**Recorded data**
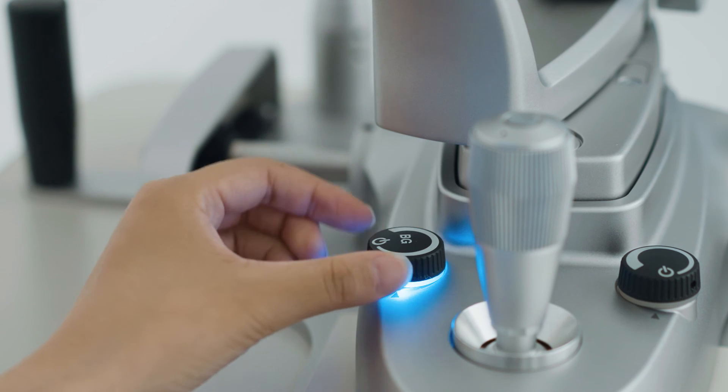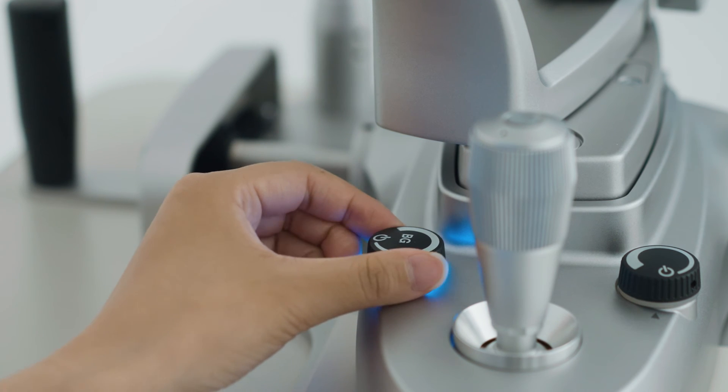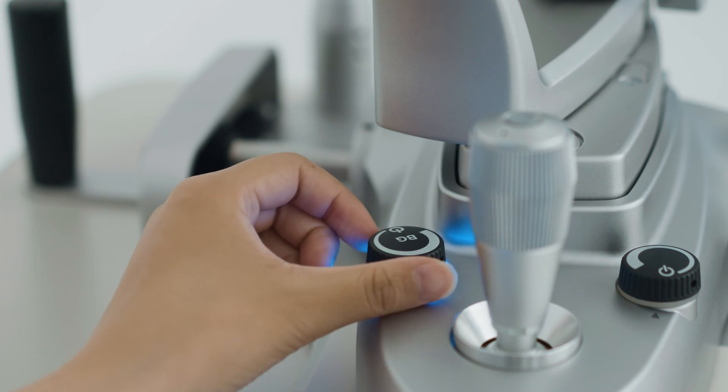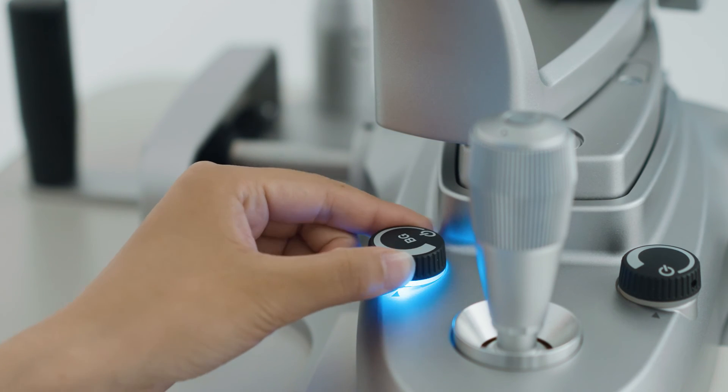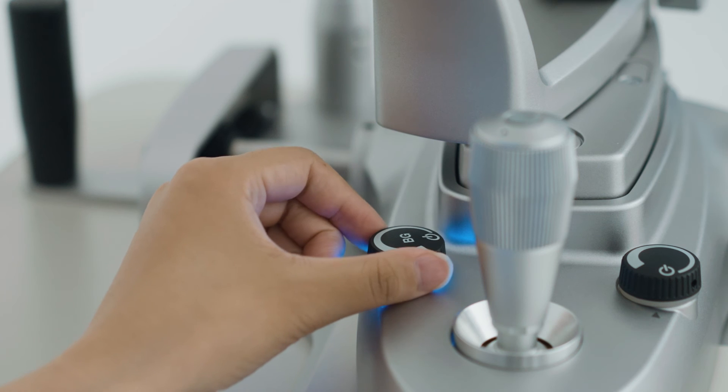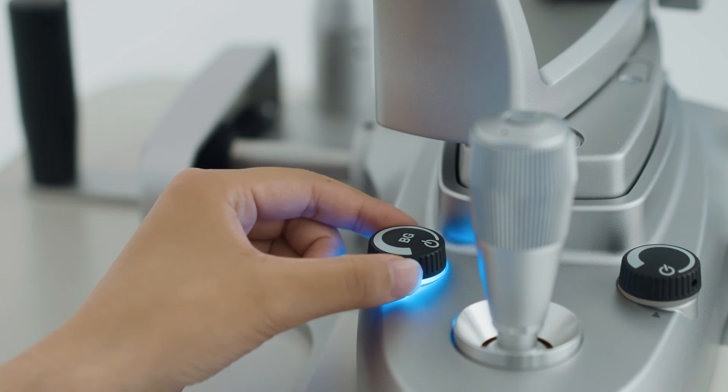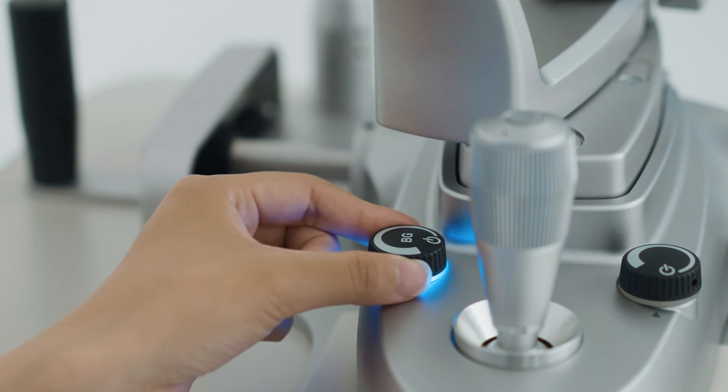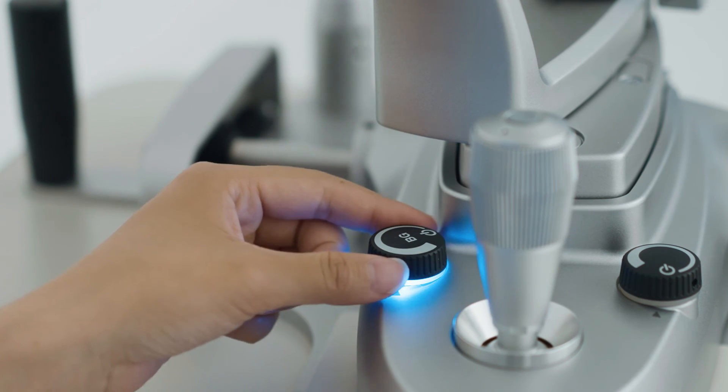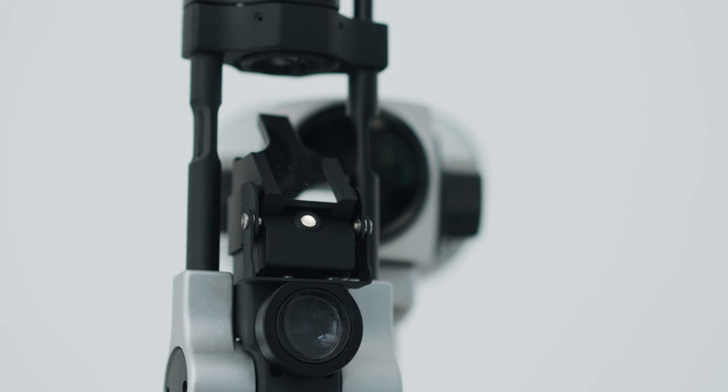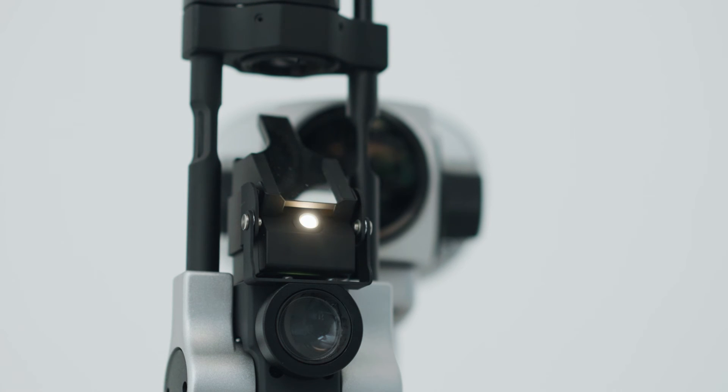A background illumination device brightens the background to capture high-definition observation images. It is included as standard on 700GL and 4ZL.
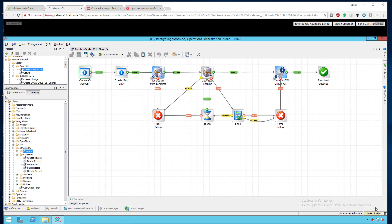Well hello there, this is Adam with cloudautomation.blog. Thanks for watching my video. In this video I'm going to go over a very basic vCenter VM creation with HP Operations Orchestration or HPOO.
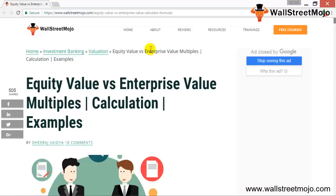Welcome to WallStreetMojo's investment banking tutorial. The topic at hand is equity value versus enterprise value. Equity value is the market cap of the company, which is basically the number of shares outstanding times the value of a particular stock being traded on the exchange.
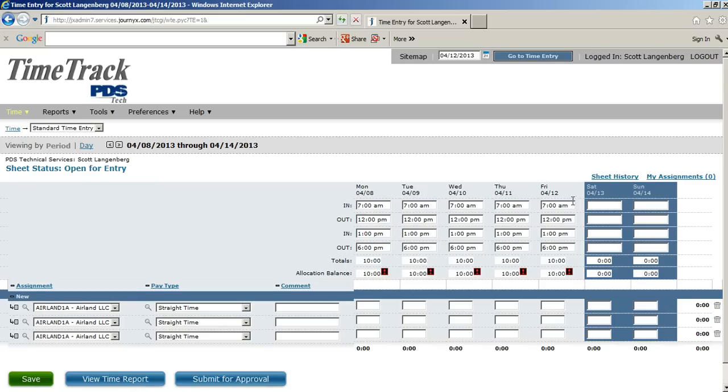Okay, now that we have all of our hours in, you can see that we've worked a total of 10 hours per day. That's a total of 50 hours throughout the week.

**What the exercise asks**
Copy the listing character for character, pictures omitted.

**Answer to the exercise**
A background illumination device brightens the background to capture high-definition observation images. It is included as standard on 700GL and 4ZL.
Well hello there, this is Adam with cloudautomation.blog. Thanks for watching my video. In this video I'm going to go over a very basic vCenter VM creation with HP Operations Orchestration or HPOO.
Welcome to WallStreetMojo's investment banking tutorial. The topic at hand is equity value versus enterprise value. Equity value is the market cap of the company, which is basically the number of shares outstanding times the value of a particular stock being traded on the exchange.
Okay, now that we have all of our hours in, you can see that we've worked a total of 10 hours per day. That's a total of 50 hours throughout the week.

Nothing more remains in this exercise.